WHAT THE TASK REQUIRES - Without pictures, output exactly the lines running from the line containing "Levi's Vintage Levi's" to the end of the listing below.

• • • • • • •

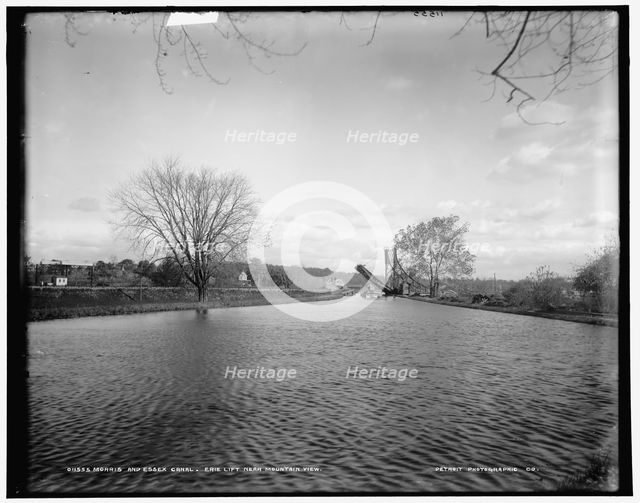 Morris and Essex Canal, N.J., Erie lift near Mountain View, between 1890 and 1901. Creator: Unknown.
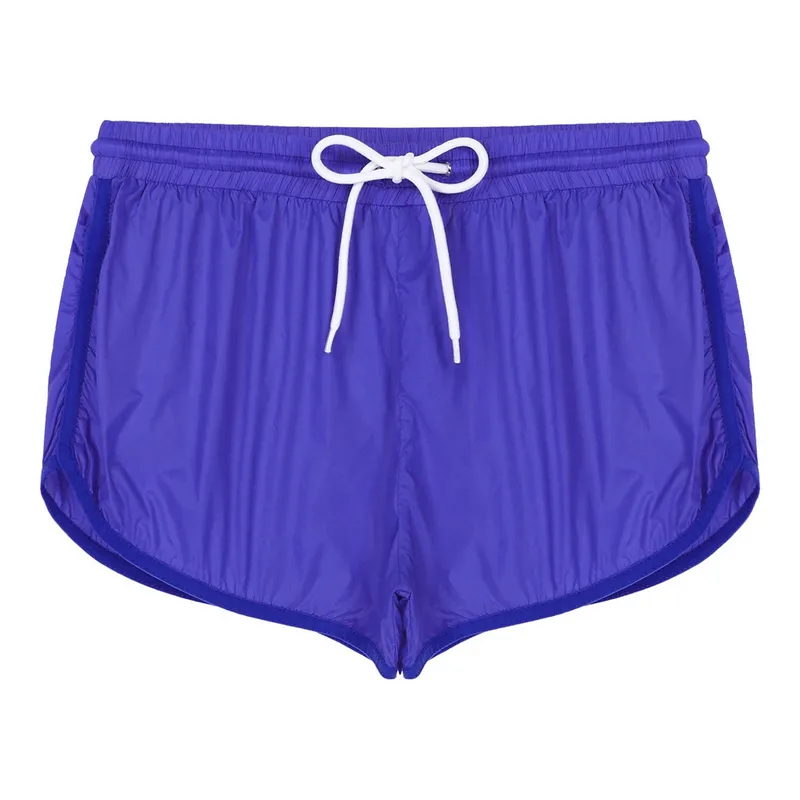 Men's Semi-Transparent Drawstring Boxer Shorts / Male Sexy Lightweight Underwear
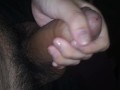 Masturbating my boyfriend while we're home alone, he has a thick dick😋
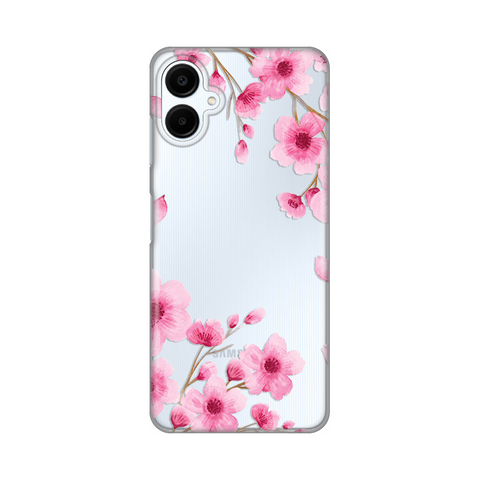 PRINT silikonska futrola skin (ultra tanka) - Samsung A065F Galaxy A06 Rose Flowers.
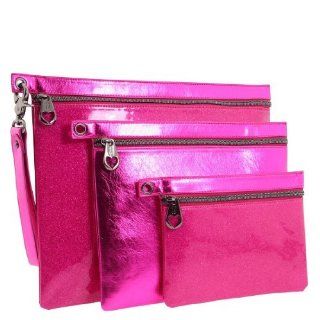  Betseyville Glitterati II 3 Zip Pouch Handbags   Pink Shoes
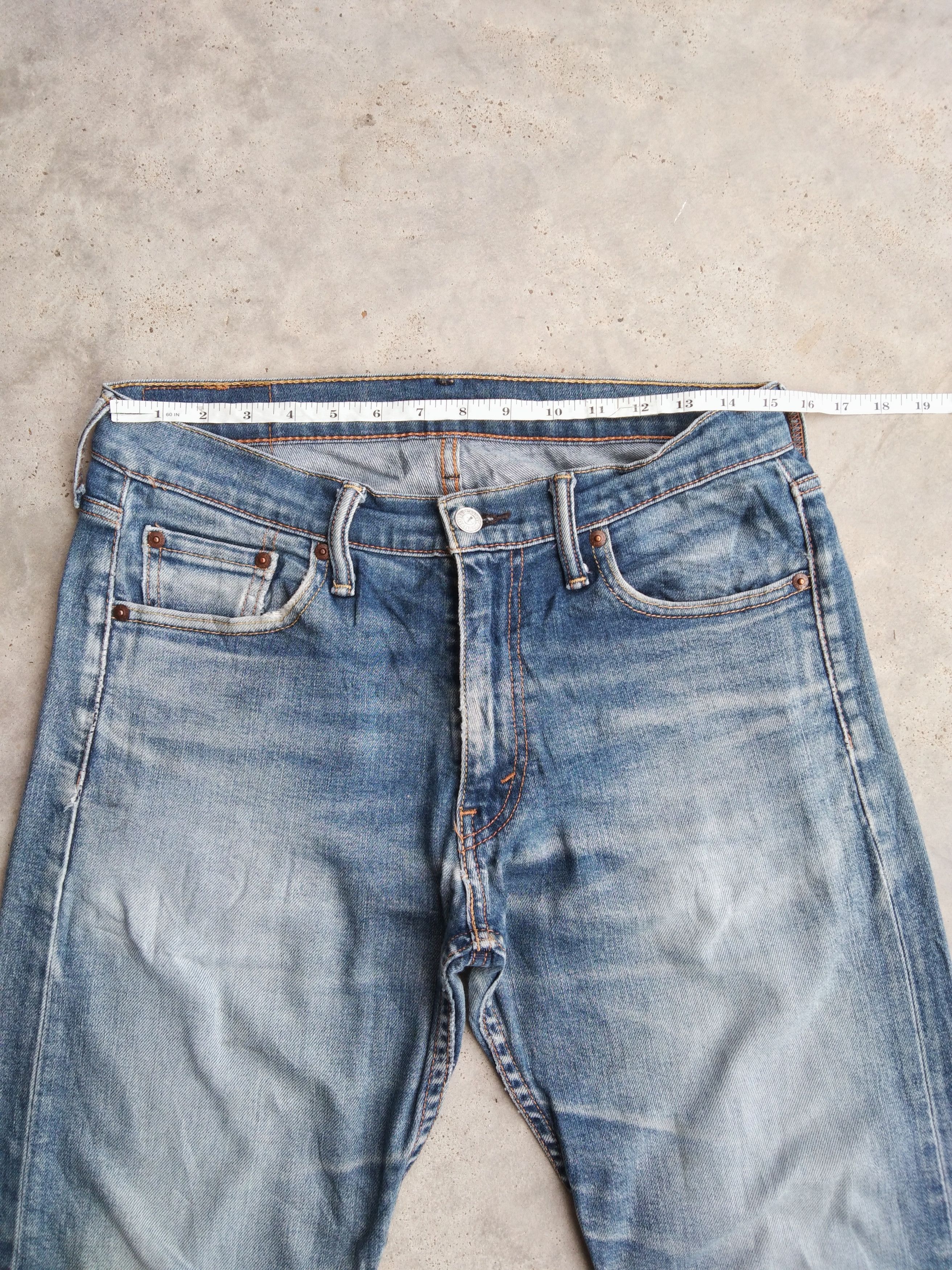 Levi's Vintage Levi's Jeans 513 Faded Blue Distressed Denim Size US 30 / EU 46 - 5 Thumbnail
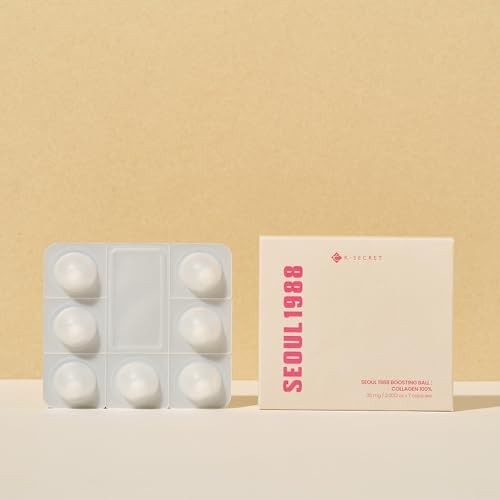 K SECRET SEOUL 1988 BOOSTING BALL COLLAGEN 100% 7 CAPSULES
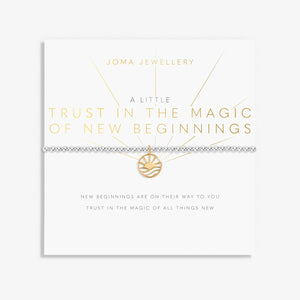 A Little 'Trust In The Magic Of New Beginnings'  Bracelet By Joma Jewellery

• • • • • • •

WORKED SOLUTION -
 Levi's Vintage Levi's Jeans 513 Faded Blue Distressed Denim Size US 30 / EU 46 - 5 Thumbnail
 K SECRET SEOUL 1988 BOOSTING BALL COLLAGEN 100% 7 CAPSULES
 A Little 'Trust In The Magic Of New Beginnings'  Bracelet By Joma Jewellery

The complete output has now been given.